_Instructions to follow_
Exactly the lines starting at the line containing "ГАЛЛЮЦИНОГЕННЫЕ ГРИБЫ Алзамай" and ending at the line containing "Phlox austromontana" are to be written out from the listing below, both included.

_Information given_
Content starts
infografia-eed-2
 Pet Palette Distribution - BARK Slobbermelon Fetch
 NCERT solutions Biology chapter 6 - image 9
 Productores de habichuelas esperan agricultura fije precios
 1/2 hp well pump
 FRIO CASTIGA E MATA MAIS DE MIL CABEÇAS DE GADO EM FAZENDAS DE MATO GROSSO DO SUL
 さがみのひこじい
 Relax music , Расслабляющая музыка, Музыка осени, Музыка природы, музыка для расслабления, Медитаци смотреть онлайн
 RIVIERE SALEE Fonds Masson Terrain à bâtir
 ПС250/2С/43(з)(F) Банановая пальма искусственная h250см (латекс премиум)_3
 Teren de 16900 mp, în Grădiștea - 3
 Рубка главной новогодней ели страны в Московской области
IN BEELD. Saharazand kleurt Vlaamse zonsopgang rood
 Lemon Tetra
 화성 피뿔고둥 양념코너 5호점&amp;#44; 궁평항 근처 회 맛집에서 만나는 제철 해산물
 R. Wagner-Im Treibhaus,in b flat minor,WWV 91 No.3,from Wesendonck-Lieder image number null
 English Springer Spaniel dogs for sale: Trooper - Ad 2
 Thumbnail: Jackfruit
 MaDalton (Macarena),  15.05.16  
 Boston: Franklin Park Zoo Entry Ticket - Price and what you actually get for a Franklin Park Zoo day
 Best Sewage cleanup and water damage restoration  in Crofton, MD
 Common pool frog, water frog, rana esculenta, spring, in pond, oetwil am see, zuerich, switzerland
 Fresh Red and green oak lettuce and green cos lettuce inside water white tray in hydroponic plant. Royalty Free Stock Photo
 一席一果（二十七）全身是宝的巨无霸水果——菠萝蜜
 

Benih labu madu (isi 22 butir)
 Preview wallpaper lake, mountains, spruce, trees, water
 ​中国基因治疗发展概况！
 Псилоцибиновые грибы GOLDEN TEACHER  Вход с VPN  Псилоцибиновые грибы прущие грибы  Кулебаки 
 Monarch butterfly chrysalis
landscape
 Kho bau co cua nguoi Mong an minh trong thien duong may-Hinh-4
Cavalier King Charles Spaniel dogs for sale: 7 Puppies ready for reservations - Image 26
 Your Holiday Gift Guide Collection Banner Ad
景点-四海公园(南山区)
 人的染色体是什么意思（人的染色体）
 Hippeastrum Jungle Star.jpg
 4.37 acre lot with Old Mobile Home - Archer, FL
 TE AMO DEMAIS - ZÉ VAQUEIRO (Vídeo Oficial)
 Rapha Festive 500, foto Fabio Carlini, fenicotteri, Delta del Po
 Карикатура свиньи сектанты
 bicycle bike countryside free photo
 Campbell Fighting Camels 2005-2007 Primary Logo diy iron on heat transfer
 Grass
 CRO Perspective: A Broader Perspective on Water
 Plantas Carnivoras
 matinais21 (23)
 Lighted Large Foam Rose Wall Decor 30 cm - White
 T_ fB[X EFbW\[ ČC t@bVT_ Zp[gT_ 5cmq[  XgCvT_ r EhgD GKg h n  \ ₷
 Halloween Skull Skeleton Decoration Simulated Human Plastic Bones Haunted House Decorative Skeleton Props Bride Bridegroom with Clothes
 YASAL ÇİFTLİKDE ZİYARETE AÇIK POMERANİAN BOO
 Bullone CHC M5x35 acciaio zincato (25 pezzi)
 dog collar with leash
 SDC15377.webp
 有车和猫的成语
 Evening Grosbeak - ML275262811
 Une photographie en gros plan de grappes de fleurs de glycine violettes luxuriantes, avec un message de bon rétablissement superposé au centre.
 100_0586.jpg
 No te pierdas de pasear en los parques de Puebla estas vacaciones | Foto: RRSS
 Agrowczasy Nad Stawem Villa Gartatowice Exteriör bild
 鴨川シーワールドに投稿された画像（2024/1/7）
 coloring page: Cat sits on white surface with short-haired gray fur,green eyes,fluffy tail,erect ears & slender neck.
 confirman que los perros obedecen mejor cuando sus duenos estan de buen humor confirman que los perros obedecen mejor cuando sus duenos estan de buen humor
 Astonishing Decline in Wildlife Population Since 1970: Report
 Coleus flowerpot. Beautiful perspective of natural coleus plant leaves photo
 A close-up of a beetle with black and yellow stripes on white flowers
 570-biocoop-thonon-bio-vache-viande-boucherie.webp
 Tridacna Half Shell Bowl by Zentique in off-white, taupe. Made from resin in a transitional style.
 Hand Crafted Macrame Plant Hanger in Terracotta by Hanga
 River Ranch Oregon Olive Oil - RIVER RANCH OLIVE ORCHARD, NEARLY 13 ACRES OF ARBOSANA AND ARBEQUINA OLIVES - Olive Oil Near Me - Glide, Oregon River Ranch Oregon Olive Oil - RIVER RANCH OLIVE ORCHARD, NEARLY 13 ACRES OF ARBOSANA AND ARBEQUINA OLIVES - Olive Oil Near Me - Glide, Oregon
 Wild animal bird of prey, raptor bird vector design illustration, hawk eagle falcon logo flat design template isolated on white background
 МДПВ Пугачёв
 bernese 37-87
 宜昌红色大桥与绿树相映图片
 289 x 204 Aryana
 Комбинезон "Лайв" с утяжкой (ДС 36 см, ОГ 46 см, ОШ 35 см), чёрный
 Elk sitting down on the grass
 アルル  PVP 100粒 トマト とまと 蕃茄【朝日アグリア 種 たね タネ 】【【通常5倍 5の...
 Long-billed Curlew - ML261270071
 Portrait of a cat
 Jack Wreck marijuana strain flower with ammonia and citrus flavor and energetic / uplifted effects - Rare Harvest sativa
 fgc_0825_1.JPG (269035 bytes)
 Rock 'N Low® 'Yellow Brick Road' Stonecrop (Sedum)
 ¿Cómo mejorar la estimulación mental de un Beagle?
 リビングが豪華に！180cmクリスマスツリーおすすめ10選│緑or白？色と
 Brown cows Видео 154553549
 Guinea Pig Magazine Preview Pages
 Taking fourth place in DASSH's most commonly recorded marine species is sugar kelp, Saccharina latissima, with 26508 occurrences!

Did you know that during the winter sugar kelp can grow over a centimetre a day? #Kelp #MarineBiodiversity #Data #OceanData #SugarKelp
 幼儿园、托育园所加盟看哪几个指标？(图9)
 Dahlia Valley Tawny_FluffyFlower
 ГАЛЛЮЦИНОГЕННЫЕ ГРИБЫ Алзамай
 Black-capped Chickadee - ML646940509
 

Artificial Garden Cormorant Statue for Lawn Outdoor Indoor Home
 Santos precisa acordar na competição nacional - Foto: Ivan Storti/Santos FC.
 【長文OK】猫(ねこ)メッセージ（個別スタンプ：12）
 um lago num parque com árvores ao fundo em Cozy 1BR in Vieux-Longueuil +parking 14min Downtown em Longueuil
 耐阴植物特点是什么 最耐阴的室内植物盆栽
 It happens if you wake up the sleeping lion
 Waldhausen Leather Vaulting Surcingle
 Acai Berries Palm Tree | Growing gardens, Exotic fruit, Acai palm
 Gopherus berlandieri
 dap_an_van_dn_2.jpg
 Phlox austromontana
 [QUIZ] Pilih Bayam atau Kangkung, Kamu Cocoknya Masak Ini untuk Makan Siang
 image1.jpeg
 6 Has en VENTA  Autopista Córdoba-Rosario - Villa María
Content ends
_Reply to the exercise_
 ГАЛЛЮЦИНОГЕННЫЕ ГРИБЫ Алзамай
 Black-capped Chickadee - ML646940509
 

Artificial Garden Cormorant Statue for Lawn Outdoor Indoor Home
 Santos precisa acordar na competição nacional - Foto: Ivan Storti/Santos FC.
 【長文OK】猫(ねこ)メッセージ（個別スタンプ：12）
 um lago num parque com árvores ao fundo em Cozy 1BR in Vieux-Longueuil +parking 14min Downtown em Longueuil
 耐阴植物特点是什么 最耐阴的室内植物盆栽
 It happens if you wake up the sleeping lion
 Waldhausen Leather Vaulting Surcingle
 Acai Berries Palm Tree | Growing gardens, Exotic fruit, Acai palm
 Gopherus berlandieri
 dap_an_van_dn_2.jpg
 Phlox austromontana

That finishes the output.